● Activity
Across all the entries below, how many lines mention the string "Manga"? Respond with a single number.

● Record extracts
-.-.-

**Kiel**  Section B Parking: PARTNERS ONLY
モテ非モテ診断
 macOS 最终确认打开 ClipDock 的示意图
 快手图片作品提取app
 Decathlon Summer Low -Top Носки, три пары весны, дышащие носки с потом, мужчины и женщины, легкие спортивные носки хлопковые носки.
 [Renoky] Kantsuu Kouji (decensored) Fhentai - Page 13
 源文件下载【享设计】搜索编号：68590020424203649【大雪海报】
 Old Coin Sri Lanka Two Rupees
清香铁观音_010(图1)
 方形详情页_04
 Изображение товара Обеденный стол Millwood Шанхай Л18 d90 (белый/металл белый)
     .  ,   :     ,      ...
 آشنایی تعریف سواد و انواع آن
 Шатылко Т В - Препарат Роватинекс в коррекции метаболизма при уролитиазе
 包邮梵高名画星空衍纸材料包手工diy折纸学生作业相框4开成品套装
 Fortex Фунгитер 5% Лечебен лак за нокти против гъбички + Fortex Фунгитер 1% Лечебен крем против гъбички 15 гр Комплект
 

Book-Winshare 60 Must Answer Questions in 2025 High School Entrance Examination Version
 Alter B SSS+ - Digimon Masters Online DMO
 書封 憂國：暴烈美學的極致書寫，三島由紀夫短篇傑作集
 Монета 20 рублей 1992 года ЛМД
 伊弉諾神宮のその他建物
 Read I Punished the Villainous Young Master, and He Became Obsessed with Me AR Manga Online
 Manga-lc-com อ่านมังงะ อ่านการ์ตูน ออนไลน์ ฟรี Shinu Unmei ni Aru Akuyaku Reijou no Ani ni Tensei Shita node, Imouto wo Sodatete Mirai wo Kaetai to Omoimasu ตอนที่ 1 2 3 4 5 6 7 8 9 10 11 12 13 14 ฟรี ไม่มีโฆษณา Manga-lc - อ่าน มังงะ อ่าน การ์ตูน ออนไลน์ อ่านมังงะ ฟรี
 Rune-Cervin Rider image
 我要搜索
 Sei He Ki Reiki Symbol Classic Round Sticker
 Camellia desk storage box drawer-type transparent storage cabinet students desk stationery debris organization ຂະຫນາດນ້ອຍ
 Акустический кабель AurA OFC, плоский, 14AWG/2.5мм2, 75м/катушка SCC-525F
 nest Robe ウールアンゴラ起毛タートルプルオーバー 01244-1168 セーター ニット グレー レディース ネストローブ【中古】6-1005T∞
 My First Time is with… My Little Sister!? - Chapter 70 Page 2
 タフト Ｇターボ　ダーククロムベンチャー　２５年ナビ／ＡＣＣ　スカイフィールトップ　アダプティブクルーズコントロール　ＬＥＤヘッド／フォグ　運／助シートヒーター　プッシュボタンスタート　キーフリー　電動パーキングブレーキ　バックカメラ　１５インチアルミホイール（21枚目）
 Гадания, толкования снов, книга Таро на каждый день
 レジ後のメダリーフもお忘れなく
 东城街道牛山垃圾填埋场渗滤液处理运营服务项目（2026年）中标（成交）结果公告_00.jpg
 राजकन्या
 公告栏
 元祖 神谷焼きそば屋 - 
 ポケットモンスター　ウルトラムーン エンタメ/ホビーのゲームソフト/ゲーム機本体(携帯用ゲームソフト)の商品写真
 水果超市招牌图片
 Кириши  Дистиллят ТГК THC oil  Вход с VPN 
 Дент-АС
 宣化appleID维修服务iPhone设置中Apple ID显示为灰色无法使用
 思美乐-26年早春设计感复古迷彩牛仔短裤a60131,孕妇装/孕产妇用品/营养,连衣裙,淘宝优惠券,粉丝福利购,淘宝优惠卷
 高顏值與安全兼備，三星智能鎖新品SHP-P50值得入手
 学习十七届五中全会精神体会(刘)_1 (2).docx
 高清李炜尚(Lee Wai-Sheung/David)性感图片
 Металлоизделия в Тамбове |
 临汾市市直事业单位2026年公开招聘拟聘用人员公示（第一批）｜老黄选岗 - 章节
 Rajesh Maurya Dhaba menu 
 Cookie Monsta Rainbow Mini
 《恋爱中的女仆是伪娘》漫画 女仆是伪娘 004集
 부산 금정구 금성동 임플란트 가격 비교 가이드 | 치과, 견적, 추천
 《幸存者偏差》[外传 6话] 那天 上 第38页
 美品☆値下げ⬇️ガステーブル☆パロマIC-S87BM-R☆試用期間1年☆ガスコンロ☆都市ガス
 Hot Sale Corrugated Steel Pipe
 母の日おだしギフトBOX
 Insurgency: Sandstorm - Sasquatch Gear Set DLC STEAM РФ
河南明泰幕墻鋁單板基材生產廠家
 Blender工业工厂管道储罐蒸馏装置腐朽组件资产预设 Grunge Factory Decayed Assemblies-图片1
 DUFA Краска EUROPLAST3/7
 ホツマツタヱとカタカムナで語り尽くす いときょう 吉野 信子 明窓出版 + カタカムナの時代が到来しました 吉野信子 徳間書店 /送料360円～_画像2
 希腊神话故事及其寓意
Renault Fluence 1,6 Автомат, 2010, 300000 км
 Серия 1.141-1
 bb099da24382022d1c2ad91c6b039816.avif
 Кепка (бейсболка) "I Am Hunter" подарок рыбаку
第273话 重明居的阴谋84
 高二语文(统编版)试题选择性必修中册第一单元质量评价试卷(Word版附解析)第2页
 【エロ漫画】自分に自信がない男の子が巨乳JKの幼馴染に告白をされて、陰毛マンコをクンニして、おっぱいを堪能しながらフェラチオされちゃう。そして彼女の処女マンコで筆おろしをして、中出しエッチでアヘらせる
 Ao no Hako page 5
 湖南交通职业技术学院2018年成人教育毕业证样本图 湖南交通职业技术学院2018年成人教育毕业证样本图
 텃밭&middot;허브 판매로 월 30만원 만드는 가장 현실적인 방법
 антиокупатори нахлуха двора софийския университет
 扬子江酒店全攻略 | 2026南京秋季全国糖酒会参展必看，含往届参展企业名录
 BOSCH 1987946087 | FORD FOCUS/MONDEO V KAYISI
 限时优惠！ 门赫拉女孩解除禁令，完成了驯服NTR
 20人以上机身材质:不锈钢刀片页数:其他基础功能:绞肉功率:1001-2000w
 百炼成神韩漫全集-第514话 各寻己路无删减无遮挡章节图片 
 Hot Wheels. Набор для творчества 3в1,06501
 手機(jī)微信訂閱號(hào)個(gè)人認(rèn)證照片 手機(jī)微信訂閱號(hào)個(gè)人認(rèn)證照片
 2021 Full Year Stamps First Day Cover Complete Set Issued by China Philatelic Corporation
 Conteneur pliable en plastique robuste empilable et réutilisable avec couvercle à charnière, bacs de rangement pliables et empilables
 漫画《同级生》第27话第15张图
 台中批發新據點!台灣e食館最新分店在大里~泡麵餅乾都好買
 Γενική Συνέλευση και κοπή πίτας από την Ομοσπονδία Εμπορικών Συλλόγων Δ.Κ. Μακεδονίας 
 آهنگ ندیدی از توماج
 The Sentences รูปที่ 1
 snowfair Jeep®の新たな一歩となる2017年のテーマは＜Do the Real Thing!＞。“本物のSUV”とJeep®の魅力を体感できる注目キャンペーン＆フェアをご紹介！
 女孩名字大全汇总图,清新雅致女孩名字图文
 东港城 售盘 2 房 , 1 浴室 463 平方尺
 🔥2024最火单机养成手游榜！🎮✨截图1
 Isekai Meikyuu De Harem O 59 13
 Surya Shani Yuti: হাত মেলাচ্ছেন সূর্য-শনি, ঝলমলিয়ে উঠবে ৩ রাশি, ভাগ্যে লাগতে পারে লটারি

-.-.-

● Written answer
2